- TASK OBJECTIVE -
Repeat only the lines below from the one containing "Plasă de remorcă" through the one containing "Forno elétrico Tefal", inclusive, exactly as written.

[[ RECORD SET open ]]

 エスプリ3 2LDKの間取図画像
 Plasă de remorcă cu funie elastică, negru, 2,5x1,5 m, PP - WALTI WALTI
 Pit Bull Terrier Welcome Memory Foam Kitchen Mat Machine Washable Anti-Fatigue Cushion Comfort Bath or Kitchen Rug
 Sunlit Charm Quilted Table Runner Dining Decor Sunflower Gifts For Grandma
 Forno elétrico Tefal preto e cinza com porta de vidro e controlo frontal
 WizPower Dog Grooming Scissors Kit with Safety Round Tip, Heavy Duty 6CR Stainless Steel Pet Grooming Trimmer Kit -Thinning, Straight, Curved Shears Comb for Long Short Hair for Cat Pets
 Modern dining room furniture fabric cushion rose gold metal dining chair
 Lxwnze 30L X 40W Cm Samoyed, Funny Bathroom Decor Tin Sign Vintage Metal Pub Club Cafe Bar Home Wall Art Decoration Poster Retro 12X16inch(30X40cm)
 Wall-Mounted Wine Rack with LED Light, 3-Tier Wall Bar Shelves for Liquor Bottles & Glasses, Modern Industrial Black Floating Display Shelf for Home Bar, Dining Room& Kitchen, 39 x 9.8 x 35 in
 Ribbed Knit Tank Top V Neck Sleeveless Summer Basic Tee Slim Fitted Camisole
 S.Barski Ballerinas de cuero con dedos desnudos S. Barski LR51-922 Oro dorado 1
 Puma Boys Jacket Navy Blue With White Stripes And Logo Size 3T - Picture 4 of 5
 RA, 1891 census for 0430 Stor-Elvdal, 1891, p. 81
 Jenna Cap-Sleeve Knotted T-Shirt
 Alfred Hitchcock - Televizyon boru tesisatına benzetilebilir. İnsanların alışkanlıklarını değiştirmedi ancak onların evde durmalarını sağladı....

[[ RECORD SET closed ]]

- EXERCISE ANSWER -
 Plasă de remorcă cu funie elastică, negru, 2,5x1,5 m, PP - WALTI WALTI
 Pit Bull Terrier Welcome Memory Foam Kitchen Mat Machine Washable Anti-Fatigue Cushion Comfort Bath or Kitchen Rug
 Sunlit Charm Quilted Table Runner Dining Decor Sunflower Gifts For Grandma
 Forno elétrico Tefal preto e cinza com porta de vidro e controlo frontal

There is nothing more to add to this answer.